Eric: They’re appreciating the event! And trying to reap the rewards of the women being in the mood that they’re in! (Laughing).
Clutch: You’ve got some interestingly titled songs on your album! The next single is called The Hunger. What’s that about?
Eric: The Hunger is about when you feel a physical attraction to somebody that is stronger than what you’re used to, then when you finally do, if you’re fortunate enough, actually make that physical connection and the physical experience surpasses the fantasies, and you just can’t seem to get enough of that person. So, it’s basically that carnal desire, that carnal hunger that’s so damn good you can’t get enough.
Clutch: Why were you so adamant that the first single should be You’re The Only One?
Eric: I felt like it set the CD up perfectly because from the intro you can feel and hear this appreciation for that old, heartfelt, from-the-soul R&B that, in my opinion, seems to be missing from the airwaves these days, that old Philly International, O’Jays, Stylistics, Blue Magic, all that stuff. And there was something about that song that I felt was so familiar and so heartfelt that I thought people would react to it right away.

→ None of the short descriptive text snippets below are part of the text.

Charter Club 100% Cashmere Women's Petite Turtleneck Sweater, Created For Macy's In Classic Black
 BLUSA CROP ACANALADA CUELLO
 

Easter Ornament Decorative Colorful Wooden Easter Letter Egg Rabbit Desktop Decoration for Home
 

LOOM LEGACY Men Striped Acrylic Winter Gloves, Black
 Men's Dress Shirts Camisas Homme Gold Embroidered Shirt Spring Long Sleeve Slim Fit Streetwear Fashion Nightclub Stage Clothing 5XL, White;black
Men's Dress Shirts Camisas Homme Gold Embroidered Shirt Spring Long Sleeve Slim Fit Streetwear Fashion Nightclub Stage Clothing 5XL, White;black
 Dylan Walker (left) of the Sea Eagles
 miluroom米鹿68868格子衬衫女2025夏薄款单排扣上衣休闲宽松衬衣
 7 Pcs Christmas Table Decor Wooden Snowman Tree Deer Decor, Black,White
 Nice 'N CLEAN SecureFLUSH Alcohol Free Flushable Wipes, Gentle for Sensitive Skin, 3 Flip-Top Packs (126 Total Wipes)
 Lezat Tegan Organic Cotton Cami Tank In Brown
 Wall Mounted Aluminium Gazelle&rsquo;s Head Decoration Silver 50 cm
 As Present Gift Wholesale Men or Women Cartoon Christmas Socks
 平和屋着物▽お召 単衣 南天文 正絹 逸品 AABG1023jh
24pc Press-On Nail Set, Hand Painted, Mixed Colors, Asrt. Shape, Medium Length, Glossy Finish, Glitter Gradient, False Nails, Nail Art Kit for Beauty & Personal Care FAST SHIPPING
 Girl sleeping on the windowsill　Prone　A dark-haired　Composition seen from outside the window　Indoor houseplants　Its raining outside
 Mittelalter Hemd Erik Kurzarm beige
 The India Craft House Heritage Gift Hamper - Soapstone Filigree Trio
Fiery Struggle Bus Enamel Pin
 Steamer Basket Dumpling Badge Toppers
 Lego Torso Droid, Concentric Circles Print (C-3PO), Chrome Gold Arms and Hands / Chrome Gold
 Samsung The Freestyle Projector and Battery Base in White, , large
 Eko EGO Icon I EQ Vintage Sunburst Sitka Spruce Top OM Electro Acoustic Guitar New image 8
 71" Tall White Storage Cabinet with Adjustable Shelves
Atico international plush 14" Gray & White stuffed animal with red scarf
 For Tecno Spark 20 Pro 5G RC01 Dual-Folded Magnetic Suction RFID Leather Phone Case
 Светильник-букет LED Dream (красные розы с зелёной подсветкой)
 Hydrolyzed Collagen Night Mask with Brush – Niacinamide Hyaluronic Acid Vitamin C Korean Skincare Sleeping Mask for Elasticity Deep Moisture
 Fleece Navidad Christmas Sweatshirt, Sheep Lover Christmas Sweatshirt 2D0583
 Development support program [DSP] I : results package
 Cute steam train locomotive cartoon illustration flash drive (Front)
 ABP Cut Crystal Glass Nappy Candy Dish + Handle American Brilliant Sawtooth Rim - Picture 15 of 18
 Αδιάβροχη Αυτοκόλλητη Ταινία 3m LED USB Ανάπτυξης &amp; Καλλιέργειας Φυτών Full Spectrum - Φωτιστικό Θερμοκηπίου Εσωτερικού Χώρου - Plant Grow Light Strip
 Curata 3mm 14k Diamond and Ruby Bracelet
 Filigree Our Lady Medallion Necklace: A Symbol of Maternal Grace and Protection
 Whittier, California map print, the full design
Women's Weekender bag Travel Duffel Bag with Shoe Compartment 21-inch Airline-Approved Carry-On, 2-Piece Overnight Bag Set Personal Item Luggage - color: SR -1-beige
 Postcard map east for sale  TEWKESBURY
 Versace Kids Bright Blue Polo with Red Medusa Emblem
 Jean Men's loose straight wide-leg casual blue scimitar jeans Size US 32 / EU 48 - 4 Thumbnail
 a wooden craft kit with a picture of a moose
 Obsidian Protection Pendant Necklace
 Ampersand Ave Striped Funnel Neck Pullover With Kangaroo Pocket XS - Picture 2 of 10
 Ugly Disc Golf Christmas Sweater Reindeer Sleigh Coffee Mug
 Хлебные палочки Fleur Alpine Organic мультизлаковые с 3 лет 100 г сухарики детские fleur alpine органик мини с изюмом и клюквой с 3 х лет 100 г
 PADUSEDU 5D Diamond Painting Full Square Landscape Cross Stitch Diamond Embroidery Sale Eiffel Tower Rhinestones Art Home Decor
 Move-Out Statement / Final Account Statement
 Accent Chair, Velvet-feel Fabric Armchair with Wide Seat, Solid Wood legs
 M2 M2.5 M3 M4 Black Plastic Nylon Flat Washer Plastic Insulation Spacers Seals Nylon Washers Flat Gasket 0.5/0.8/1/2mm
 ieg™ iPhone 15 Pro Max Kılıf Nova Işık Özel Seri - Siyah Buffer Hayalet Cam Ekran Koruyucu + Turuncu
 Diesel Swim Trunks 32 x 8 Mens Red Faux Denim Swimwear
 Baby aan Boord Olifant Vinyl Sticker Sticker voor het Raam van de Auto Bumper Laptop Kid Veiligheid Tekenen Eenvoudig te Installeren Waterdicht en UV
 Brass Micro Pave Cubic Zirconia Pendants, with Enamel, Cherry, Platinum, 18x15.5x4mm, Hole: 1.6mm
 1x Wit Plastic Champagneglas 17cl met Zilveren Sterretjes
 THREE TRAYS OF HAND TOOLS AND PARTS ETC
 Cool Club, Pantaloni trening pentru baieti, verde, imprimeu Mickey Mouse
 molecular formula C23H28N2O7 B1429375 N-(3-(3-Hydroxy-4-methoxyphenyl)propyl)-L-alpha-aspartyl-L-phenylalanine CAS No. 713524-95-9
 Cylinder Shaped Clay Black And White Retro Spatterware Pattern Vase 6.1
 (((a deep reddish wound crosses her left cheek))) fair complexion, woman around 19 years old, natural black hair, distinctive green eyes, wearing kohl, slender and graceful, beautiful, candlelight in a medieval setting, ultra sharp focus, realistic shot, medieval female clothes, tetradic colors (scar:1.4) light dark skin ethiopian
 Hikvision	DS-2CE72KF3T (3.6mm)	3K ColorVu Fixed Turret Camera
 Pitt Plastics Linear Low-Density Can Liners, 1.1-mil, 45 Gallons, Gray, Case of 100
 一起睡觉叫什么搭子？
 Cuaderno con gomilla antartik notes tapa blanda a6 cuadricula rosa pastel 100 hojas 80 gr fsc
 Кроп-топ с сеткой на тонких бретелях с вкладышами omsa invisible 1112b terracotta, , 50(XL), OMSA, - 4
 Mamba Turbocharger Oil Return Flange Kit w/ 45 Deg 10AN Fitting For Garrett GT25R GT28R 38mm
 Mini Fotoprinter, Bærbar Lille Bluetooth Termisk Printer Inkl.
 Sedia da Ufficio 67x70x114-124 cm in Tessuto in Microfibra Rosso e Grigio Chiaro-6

Clutch: You’ve gone through some well-documented personal problems. How difficult is it living in the public domain? And how do you balance making music and fame?
Eric: I try not to and maybe that’s where I go wrong. I try not to pay too much attention to the whole fame part. It’s really interesting because I didn’t start doing this to become famous. I started doing this because I love making music and I love standing on a stage and singing for people and seeing people sing lyrics that I wrote back at me with passion, there’s no better feeling in the world than that. And I guess a little bit of fame goes along with that or quite possibly a lot. When things happen like the whole public break-up and divorce, as much as I possibly can I just try to detach myself from it. And things like tabloid magazines and tabloid television shows I just turn off and don’t watch and I encourage my daughter to do the same thing, which turns out to be a great thing because I end up talking to her more and spending more time with her and making it more about what’s real, who’s really close to me and what’s good and healthy in my life.
Clutch: Has that whole experience influenced who you would now date?
Eric: (Laughing) What you’re trying to ask is would you date another actress…
Eric: You’re just trying to be diplomatic.
Clutch: (Laughing) Not very skillfully, obviously!
Eric:I will never say never but who I’m with now, we are enjoying each other’s company immensely. And she’s an incredible person with an incredible heart and she has no aspirations to acting, singing or tap dancing or anything like that! She’s quite the philanthropist and businesswoman and entrepreneur, just a wonderful person to have a conversation with. So, there, that answers that! (Laughs)
Clutch: You’re a single father raising a teenage daughter. What is that experience teaching you?
Eric: It’s funny, when you’re a parent one of the things that I’ve found most fascinating about this job, which is the best and most rewarding and most difficult job there is, is by teaching her and trying to guide her, I’m re-teaching myself. I’m reiterating some things that maybe didn’t sink in earlier on by trying to teach her and guide her. I’m just trying to give myself another dose of that lesson. So she’s constantly teaching me, I’m constantly learning from being a father. Learning how to be more honest with myself, learning how to say what’s right and what’s important for me and trying to teach her to do the same thing, to do things with dignity, honor and respect.
Clutch: You’ve been in the game a long time. At this stage in your career, how would you define success?
Eric: Success for me means a) doing what I love and what is my passion and getting a check for it; b) having that job affect people in a positive way; and c) having yourself surrounded by people who love you, family members who are there for you and doing as much laughing and dancing and being happy as often as you can.
Clutch: And would you say you’ve reached that place now?
Eric: By that criteria I am an extremely successful man.